Bersyukur terhadap apa yang aku jalani dan sudah
aku miliki, dengan begitu Allah akan memberi nikmat lebih besar. Tidak ada satu
pun janji Allah yang ingkar. Terkadang hanya manusia saja yang abai dengan
nikmat-Nya.
Nikmat terindah saat memakai toga [Photo: Dokumentasi Pribadi] |
Berulang kali aku merenungkan segala hal ketika
perjalanan kembali ke Banda Aceh. Rahasia apa di balik kehilangan dan kesialan
yang aku derita.
Kita tidak akan memperoleh kedua hal kenikmatan
sekaligus dalam hidup. Kita harus memilih satu. Jika kita tidak bisa memilih,
Allah yang akan pilihkan untuk kita. Ayahku terserang stroke setahun sebelum
aku dinyatakan lulus sebagai penerima beasiswa. Ketika aku melihatnya, aku yang
terpuruk. Kehilangan harapan. Ayah mendorongku untuk terus maju. Baginya,
sekalipun seorang perempuan, dia haruslah memiliki pendidikan yang tinggi. Ibu
akan menjadi sekolah pertama untuk anak-anaknya. Menjadi profesor untuk
generasinya kelak adalah kebanggaan paling mulia.
Selain itu, perempuan harus mandiri dalam segala
hal. ketika seorang perempuan memiliki pendidikan tinggi, dia jarang akan
terjerumus ke dalam hal yang buruk. Pendidikan dan ilmu pengetahuan adalah
modalnya untuk bertahan hidup. Termasuk dalam masalah finansial.

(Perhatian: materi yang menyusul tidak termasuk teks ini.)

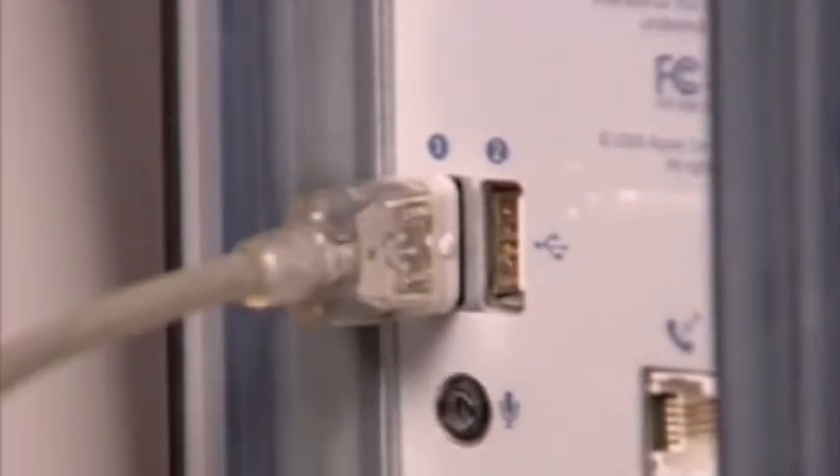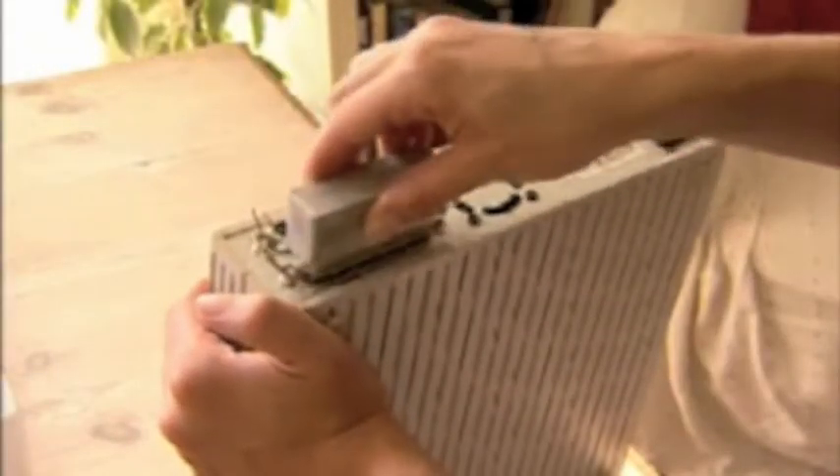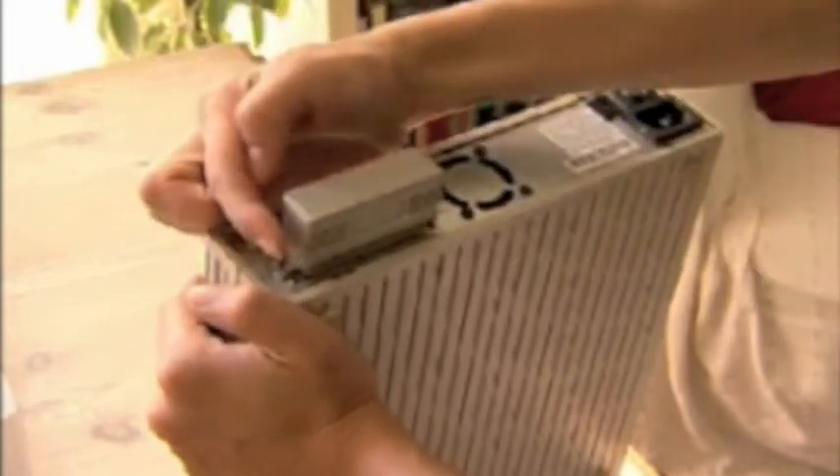FireWire and USB connections are straightforward to use, but the SCSI system works on the basis that each device in the chain is allotted a unique number. The last item in the chain needs to be terminated with a terminator plug, or by setting a termination switch on the device.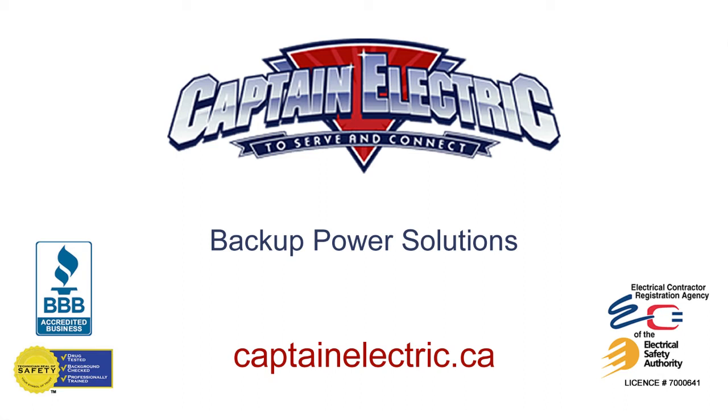Captain Electric — to serve and connect. Hi, I'm Dave from Captain Electric and today we're going to be talking about backup power solutions for your home or business.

Aku berpikir sebaliknya, selain aku harus
mendapatkan gelar pendidikan yang lebih tinggi, memiliki tabungan dari beasiswa
adalah keharusan. Ternyata pikiranku salah. Beasiswa tidak akan pernah cukup
untuk menikmati hidup jika ditempatkan terlalu banyak kas. Justru ketika aku
menikmati dan mensyukuri berapapun yang
aku dapat, rezeki lain mengalir dari segala arah.
Jalan-jalan gratis sebagai bonus dari hobi menulis. [Photo: Dokumentasi Pribadi] |
Ada banyak rezeki yang aku dapatkan dalam hidup.
Tergantung orang lain melihatnya dari sisi apa. Bagiku, apa yang aku dapatkan
sekarang adalah hikmah meluruskan tujuan ke Beijing. Tujuan untuk kemandirian
secara umum berubah menjadi menuntut ilmu. Aku memang tidak kaya karena menulis
dan membaca. Ya, tidak kaya secara materi, tapi aku kaya dengan pengatahuan dan
informasi yang dibutuhkan oleh orang-orang.
Meskipun bersebarangan dengan keinginan teman-temanku, aku sudah putuskan untuk melakoni apa yang aku suka. Hakikat hidup mencari kebahagiaan. Kebahagiaan diciptakan, bukan ditunggu. Aku rasa, aku sudah menemukannya.